Earlier today, a friend had warned me over the phone that viewing the quilt would be worse than going to a cemetery. Another said I would feel every conceivable emotion. Before leaving my office, I made a trip to the restroom and slipped some toilet paper into my pants pocket. As we wait to cross the street beneath the elevation of the West Side Highway, my friend loosens and removes his tie.
At the entrance to the pier, a white concrete building which is normally used as a passenger ship terminal, we ride to the second floor in an elevator that I estimate is larger than the bedroom of my apartment. When the doors open we follow those ahead of us, men and women of varying ages, into a lobby filled with tables and exhibits, pamphlets, registration books, volunteer workers and other visitors. We are handed programs and presented with the facts: this quilt weighs over 11,510 pounds and currently contains 3,488 names, although today space allows only l,696 to be seen. Spread out, it is bigger than three football fields and includes the names of brothers, fathers, sons, mothers, daughters, lovers and friends. It is the nation’s largest community arts project and is designed to memorialize the thousands of Americans who have died from AIDS. New York is only one of the stops on a twenty city cross-country tour.
We walk through a doorway beneath a handwritten sign that says “Entrance” and enter the main room. My first impression is this room is enormous and bright; sunlight streams in through windows, outside it shimmers across the Hudson River. Inside it is crowded but quiet. And what begins with a sense of curiosity, as I begin to assimilate the first few panels which I look at and read, is quickly overtaken by a feeling of awe. The fabric panels of the quilt are six feet by three feet and have been sewn together in blocks of eight or thirty-two.
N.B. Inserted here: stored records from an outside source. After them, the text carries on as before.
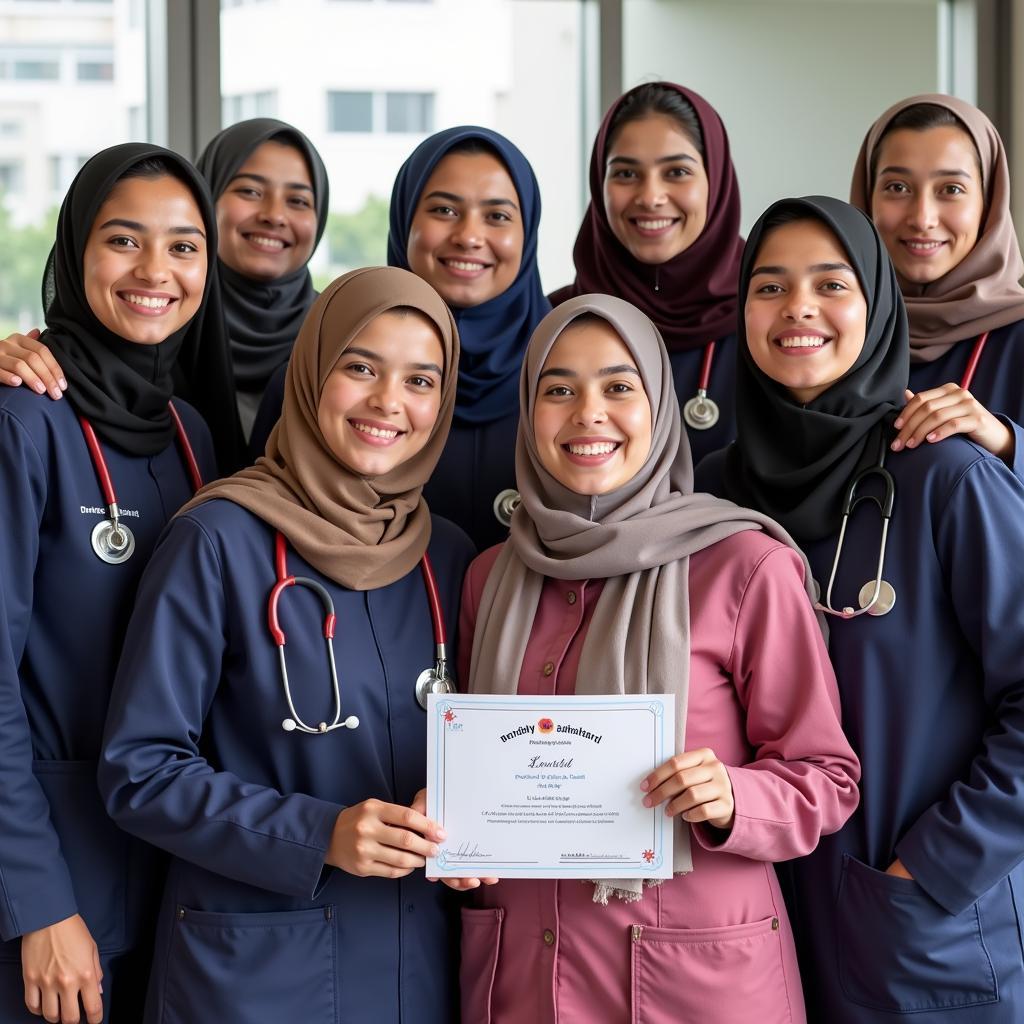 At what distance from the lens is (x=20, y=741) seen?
224 centimetres

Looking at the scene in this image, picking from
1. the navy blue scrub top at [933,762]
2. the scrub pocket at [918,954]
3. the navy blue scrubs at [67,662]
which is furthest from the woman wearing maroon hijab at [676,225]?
the navy blue scrubs at [67,662]

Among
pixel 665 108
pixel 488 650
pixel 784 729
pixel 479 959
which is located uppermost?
pixel 665 108

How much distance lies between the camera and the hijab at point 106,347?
241cm

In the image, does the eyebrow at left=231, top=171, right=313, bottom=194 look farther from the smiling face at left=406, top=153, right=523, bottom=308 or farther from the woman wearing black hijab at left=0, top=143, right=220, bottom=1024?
the woman wearing black hijab at left=0, top=143, right=220, bottom=1024

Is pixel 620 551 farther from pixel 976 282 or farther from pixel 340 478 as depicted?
pixel 976 282

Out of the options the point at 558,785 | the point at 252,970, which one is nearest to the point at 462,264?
the point at 558,785

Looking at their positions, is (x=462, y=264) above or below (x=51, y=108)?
below

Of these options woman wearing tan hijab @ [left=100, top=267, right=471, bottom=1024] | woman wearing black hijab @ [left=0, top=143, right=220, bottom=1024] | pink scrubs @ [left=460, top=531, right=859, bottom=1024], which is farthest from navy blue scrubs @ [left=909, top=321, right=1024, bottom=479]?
woman wearing black hijab @ [left=0, top=143, right=220, bottom=1024]

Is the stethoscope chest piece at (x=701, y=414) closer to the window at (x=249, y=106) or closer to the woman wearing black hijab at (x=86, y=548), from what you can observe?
the woman wearing black hijab at (x=86, y=548)

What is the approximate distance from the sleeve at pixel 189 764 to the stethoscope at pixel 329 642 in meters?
0.10

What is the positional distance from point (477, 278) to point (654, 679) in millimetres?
1322

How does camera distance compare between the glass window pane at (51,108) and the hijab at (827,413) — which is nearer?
the hijab at (827,413)

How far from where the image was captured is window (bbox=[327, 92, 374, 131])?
15.3 feet

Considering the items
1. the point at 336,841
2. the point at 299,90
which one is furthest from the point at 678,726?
the point at 299,90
The main section, draped atop the floor, stretches the length of the 775-foot pier. On either side are blocks suspended from the ceiling, creating alcoves to display even more panels, placed evenly between these fabric walls on the floor.
But it is the names that command the attention. As we follow the white canvas walkway which borders the perimeters of the panels on the floor, statistics suddenly become people.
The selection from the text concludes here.